A couple of weeks ago, we looked at how the COVID-19 pandemic is impacting consumer behavior, specifically shopping habits. We discussed the differences in attitudes across age groups and genders. In this two-part series, we’ll look into the latest data on how consumer behavior is continuously changing, especially in countries that are still under stay-at-home or shelter in place orders.

New habits are being formed

Given the current global situation, it’s not surprising that there’s an increase in e-commerce orders. The spike since early March in the US and Canada has been significant—with online orders going up by 80% and buyers converting 8.8% more than the same period last year1. However, this isn’t unique to North America. Europeans are also placing more online orders, with pure-play e-commerce brands seeing an average increase of 40% to 80% year-on-year growth2.

To illustrate, take a look at Emarsys and Good Data’s interactive map tracking how Covid-19 is affecting consumer expenditure across the globe2:

Year-over-year growth rate of online transactions from ccinsight.org * Year-Over-Year Growth Rate of Online Transactions


Furthermore, recent research indicates that the drastic increase in e-commerce sales may not only be attributed to the shift from offline to online in shopping. For example, there are consumers that have supplementary income or more time in their hands who are picking up new activities or hobbies to keep busy at home. This could become a growing factor contributing to the growth of online sales in the coming months3. If so, it could mean that new and lasting habits outside of shopping are being adopted by consumers due to the restrictions in place. This could be a positive development for some brands as this development may indicate a new or expanded consumer base – one that they will have to engage with if they want to transition them into long-term customers.

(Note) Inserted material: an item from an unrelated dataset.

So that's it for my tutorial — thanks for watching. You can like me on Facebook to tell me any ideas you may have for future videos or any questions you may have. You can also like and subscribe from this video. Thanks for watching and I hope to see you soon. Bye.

Contrasts across age groups

Our previous piece examined how different age groups have reacted to the pandemic, and found a stark contrast between them. However, more recent surveys show that ongoing restrictions are blurring the lines between age groups in some areas, such as how respondents are being financially affected by the pandemic4:

  • 24% from the age group 30 to 44 years old
  • 28% from the age group 45 to 64 years old
  • 21% from 65 and older

That said, millennials continue to be the most cautious and concerned group when it comes to financial matters, with an Elon University4 survey finding that worries over “personal financial situation” still vary per age group:

  • 80% from the age group 25 to 44 years old
  • 78% from the age group 18 to 24 years old
  • 74% from the age group 45 to 64 years old
  • 62% of those 65 and older
Another poll found that 59% of millennials have taken or planned to take steps to save cash due to the pandemic’s effects on the economy.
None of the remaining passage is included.